July 27, 2010
Anderson, Willard should move forward
Voters in the 5th Legislative District — primarily those in Issaquah, Sammamish and Maple Valley areas — face two solid choices in the upcoming contest for a state representative. Mail-back ballots for the Aug. 17 primary election will reach voters this week.
In Glenn Anderson, voters have a seasoned representative who has learned to navigate the Capitol corridors as a member of the oft-marginalized Republican Party. Democrat Dean Willard presents a chance for a fresh perspective.
Willard presents the most credible challenge Anderson has faced in years. With his background in the Eastside technology industry, he has a good grasp of the concerns facing owners of local businesses, small and large alike.

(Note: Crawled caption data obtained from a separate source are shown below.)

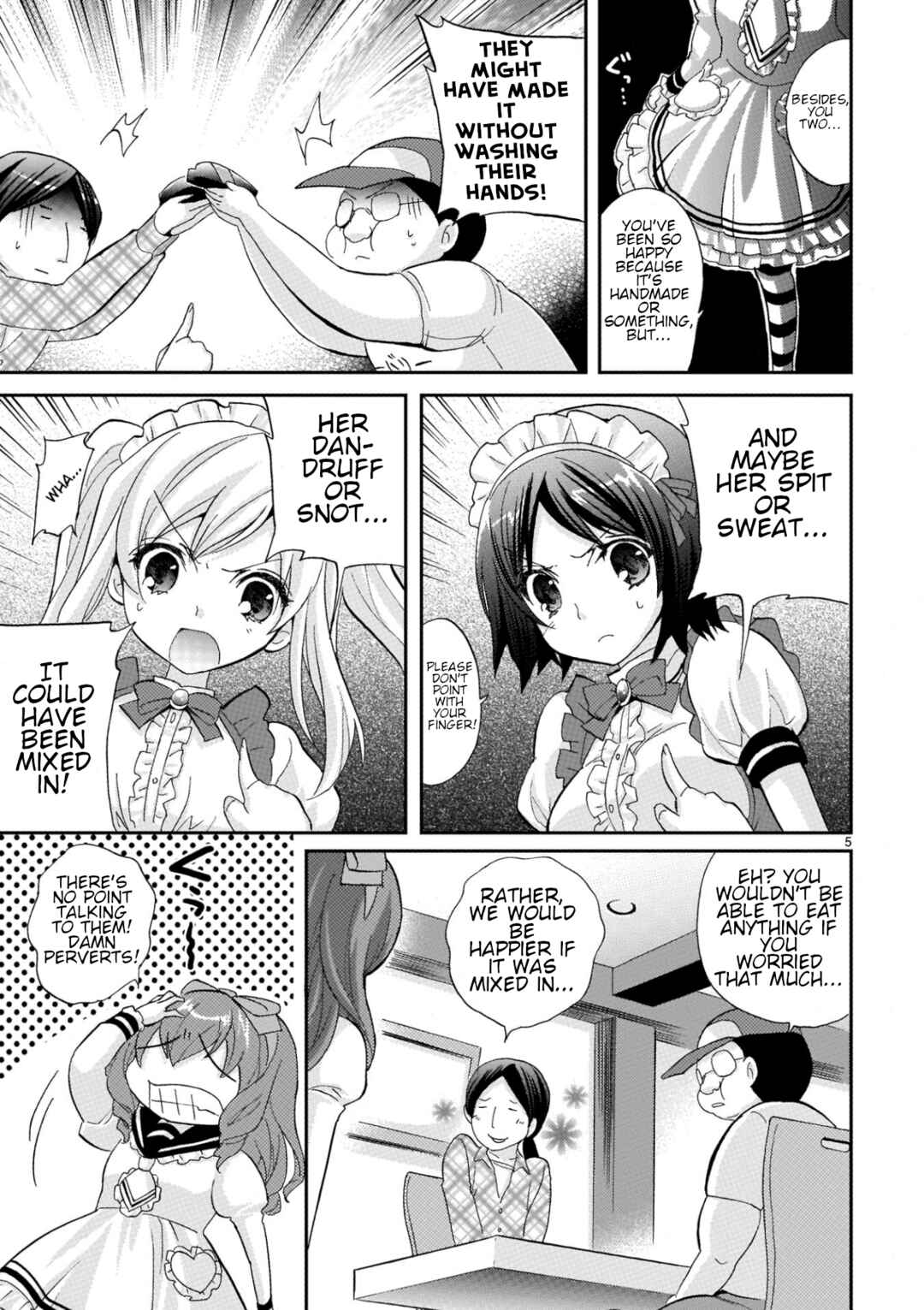 Chapter 25 - Page 5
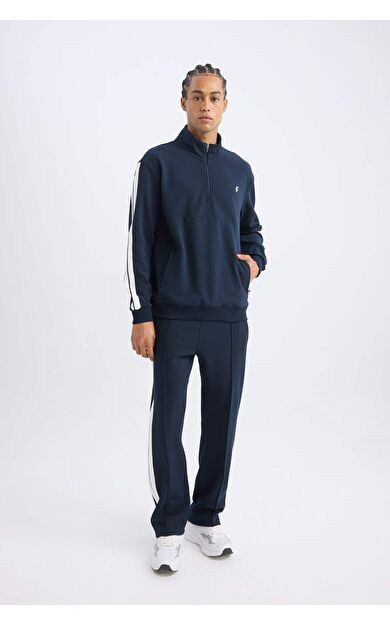 DeFacto DeFactoFit Standart Fit Standart Paça Sporcu Jogger D1957AX24AUNV146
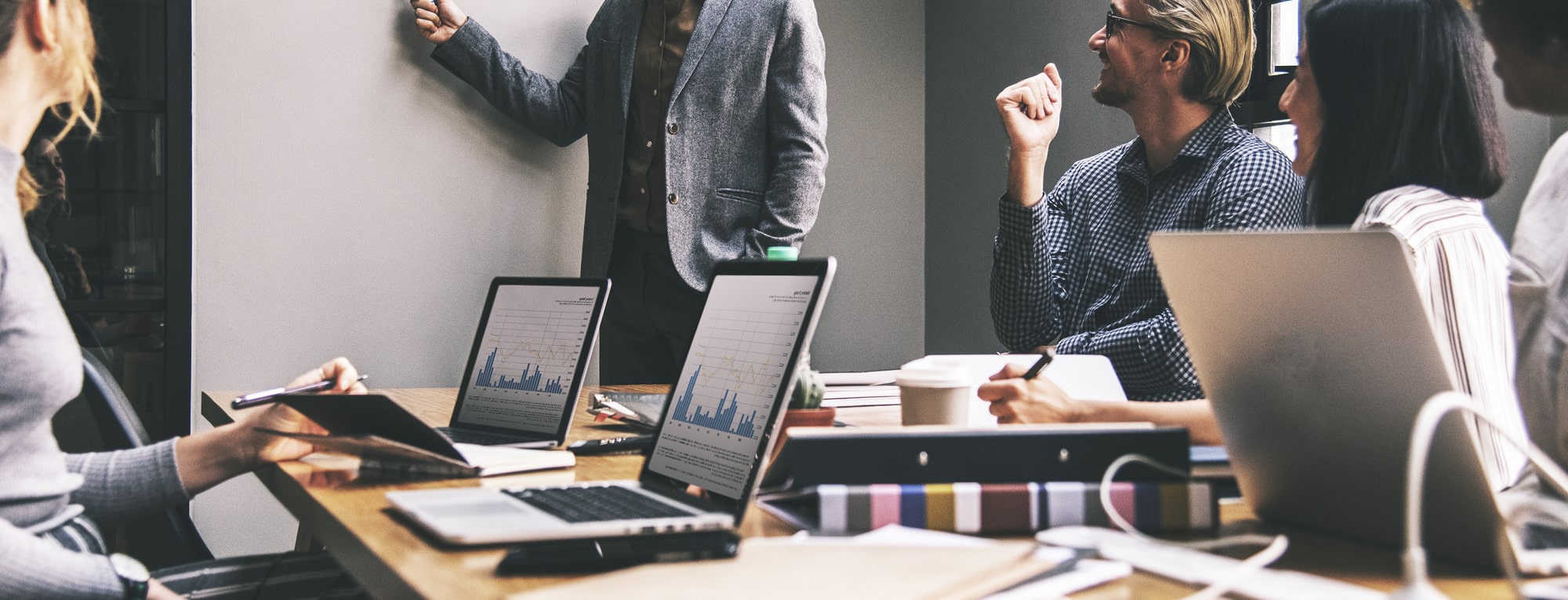 Audit & Business Consulting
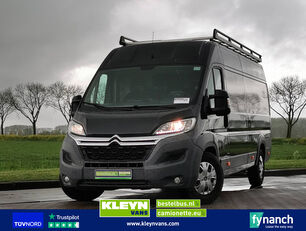 Citroen JUMPER 3.0 hdi car-derived van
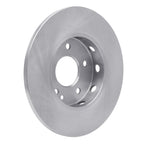 Dynamite Friction 600-63036 Disc Brake Rotor - Front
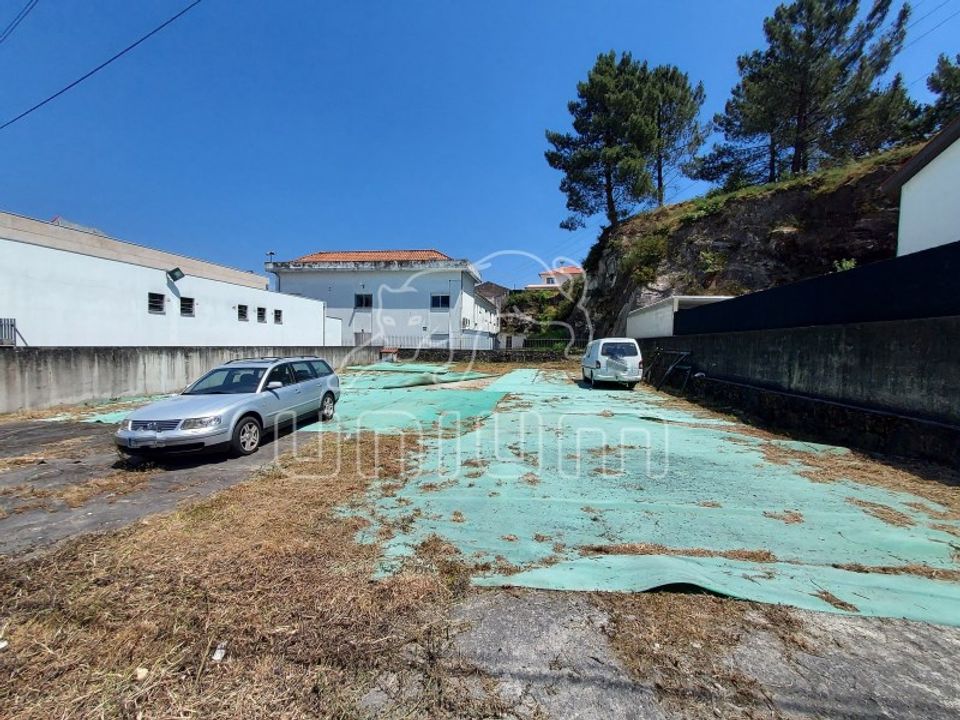 Helårsgrund i Darque, Viana do Castelo - foto 2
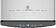 Накопительный электрический водонагреватель Ariston ABSE VLS Pro Inox PW 2K 30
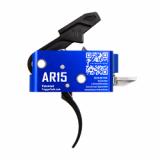 Competitive, Trigger, PVD Finish, Anodized X43-SBB-33-NNC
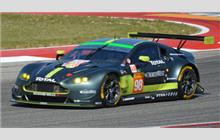 98 - Aston Martin V8 Vantage GTE - Aston Martin Racing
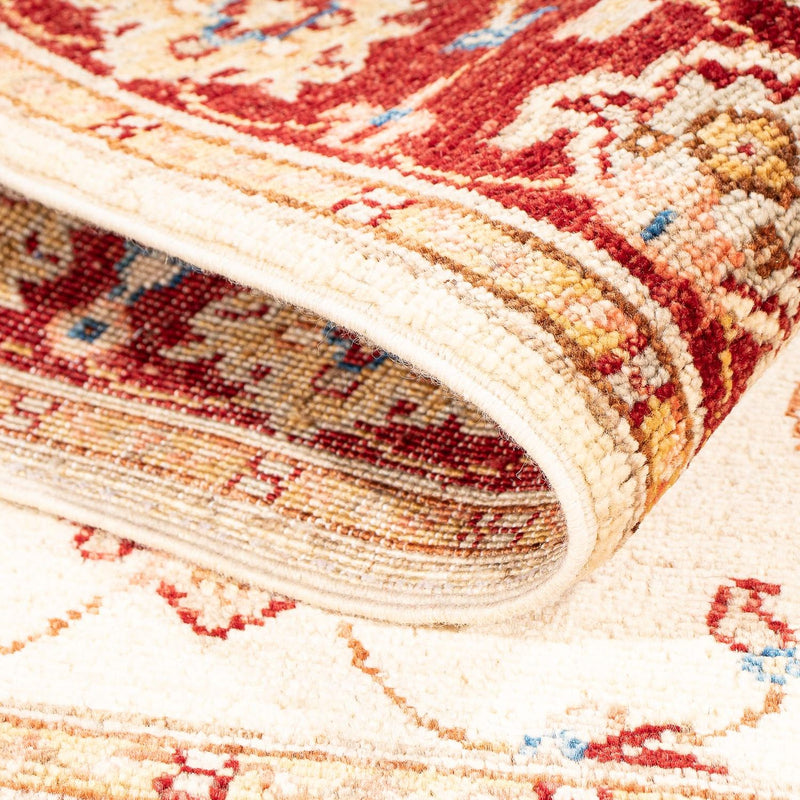 Ziegler Teppich 81 x 127 cm - beige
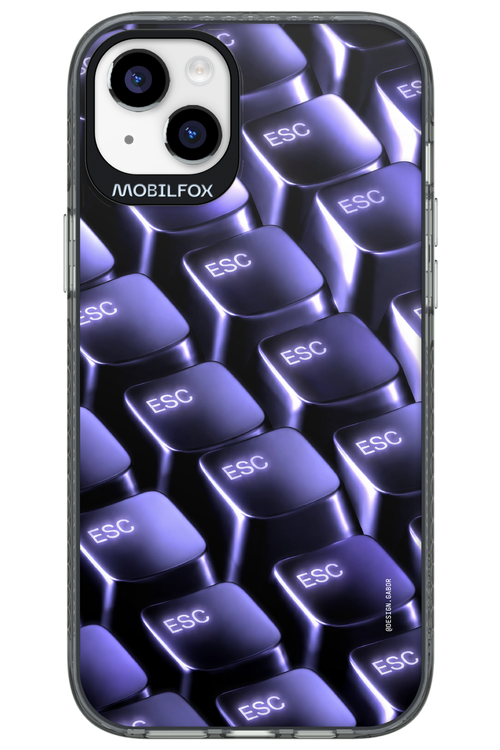 Can's Escape 2.0 - Apple iPhone 14 Plus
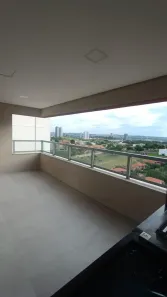 Apartamento com 3 Quartos à venda, 100m² no Jardim Botânico, Ribeirão Preto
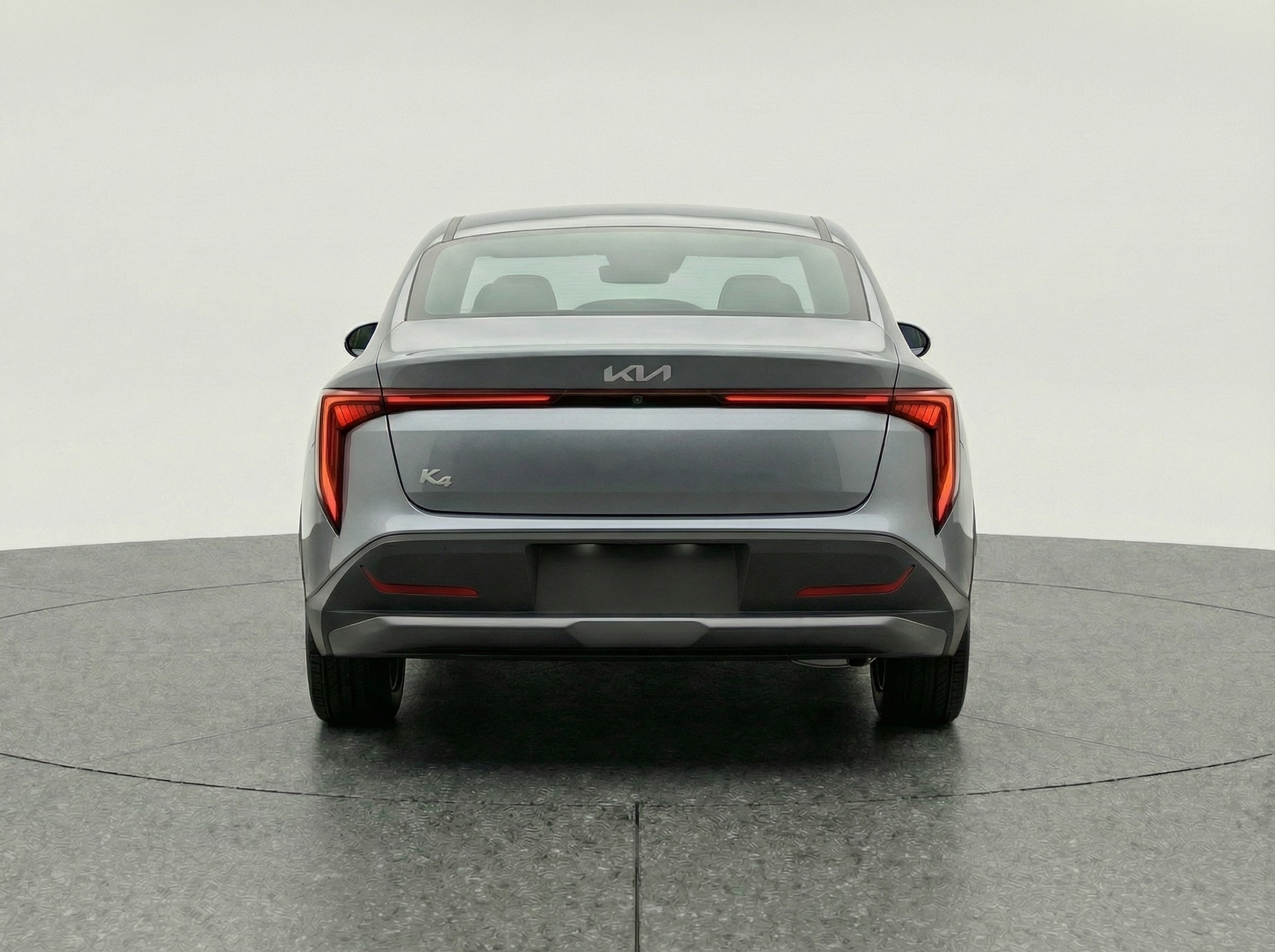 Thumbnail: 2025 Kia K4 - 6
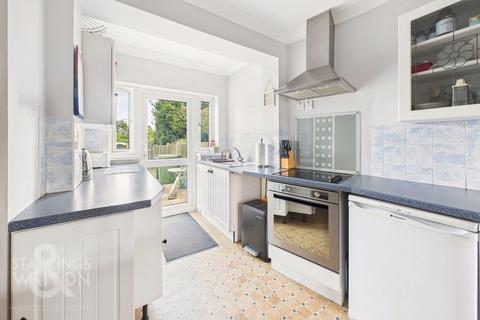 3 bedroom semi-detached house for sale, Norwich Road, Costessey, Norwich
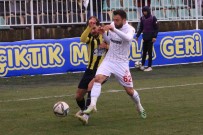 TFF 3. Lig Açiklamasi Belediye Derincespor Açiklamasi 3 - Gümüshane Sportif Faaliyetler Açiklamasi 0 Haberi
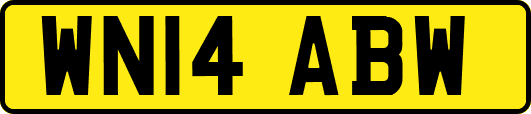 WN14ABW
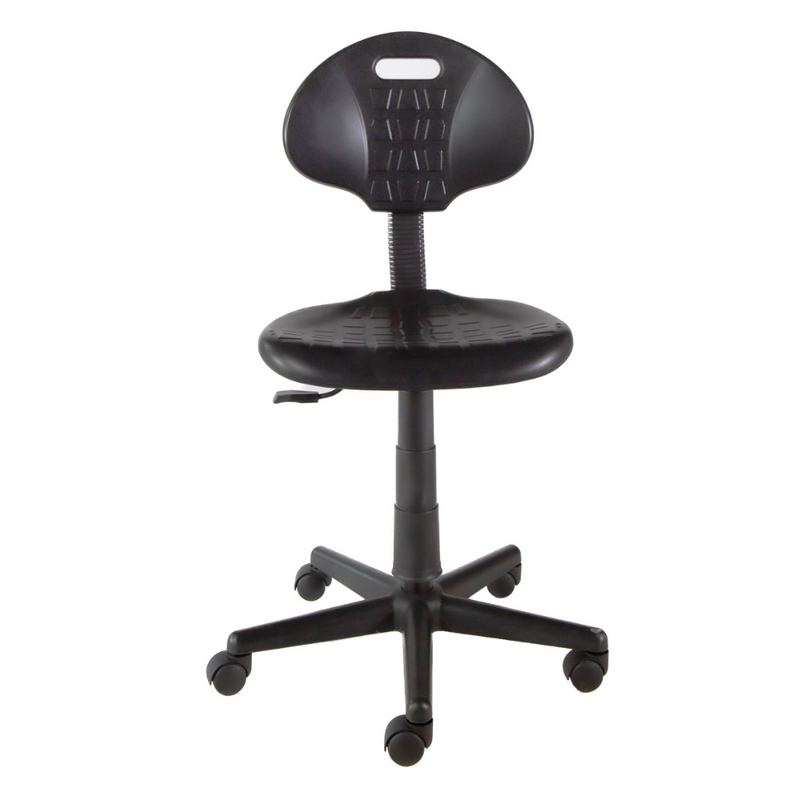 Silla Ergonómica con Respaldo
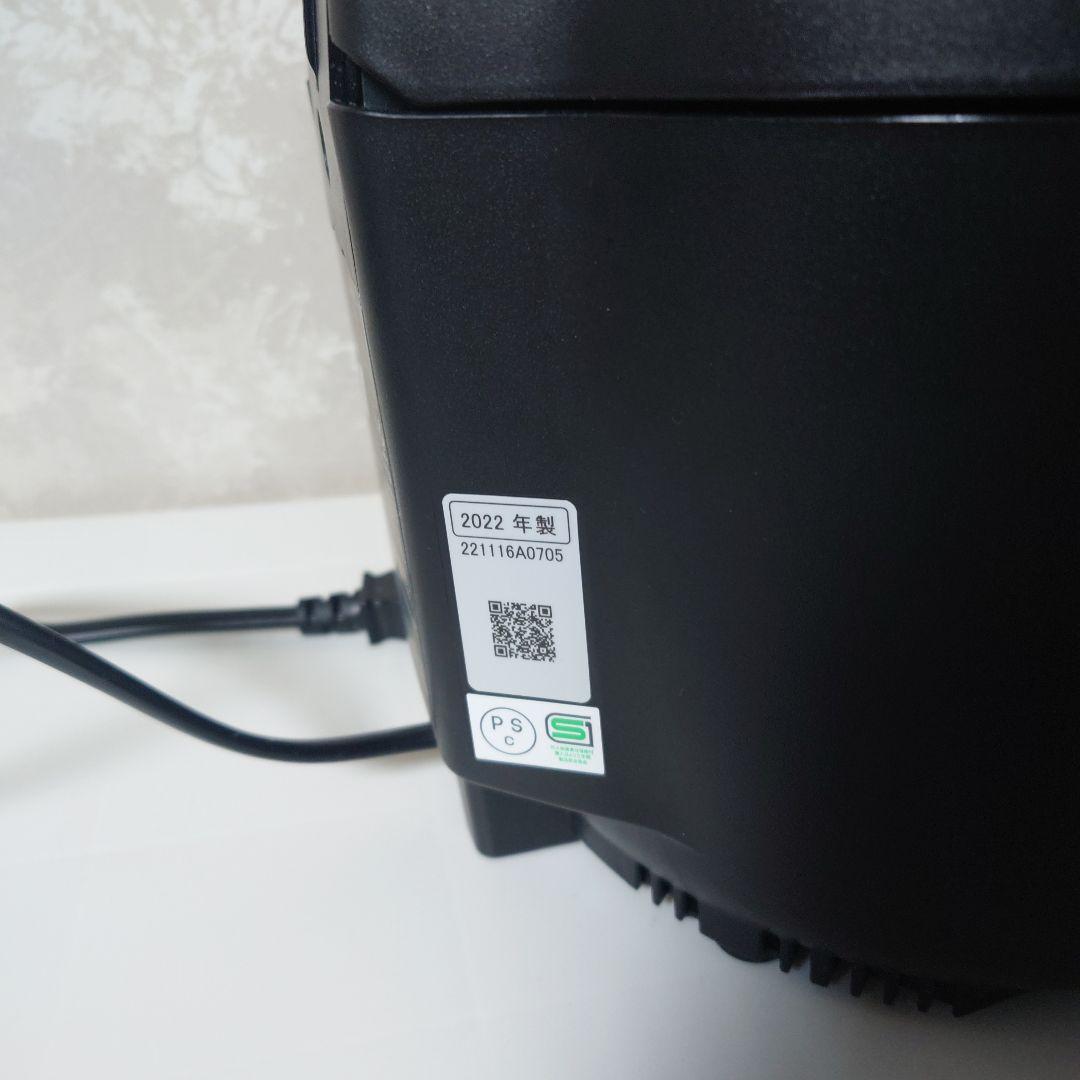 圧力IHジャー炊飯器 SR-NA102 パナソニック 中古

Like his GOP opponent, Willard has also highlighted the importance of education in the campaign, certainly a critical topic in the 5th District. Willard pledges to strengthen the school system to make local students more competitive in a tough global workforce. Anderson has long been an advocate for education funding reform.
In campaign material, both Anderson and Willard say the race hinges on the economy. We look forward to a spirited debate in the months ahead about the role the Legislature should play in jumpstarting the stalled economy.
The main difference between Anderson and Willard is experience. Anderson has worked time and again to steer support and, more crucially, dollars to Issaquah schools. He has also been a strong voice for businesses, yet as a member of the House minority party, he proclaims his inability to accomplish much.
Though challenger David Spring has brought his passion for education reform to another race, he stands out of step as a single-issue candidate in a year when jobs and the economy dominate the discussion. We encourage Spring to continue working as a citizen activist to reform how the state pays for education.
We support Anderson and Willard as the two to move forward from the primary to the November general election.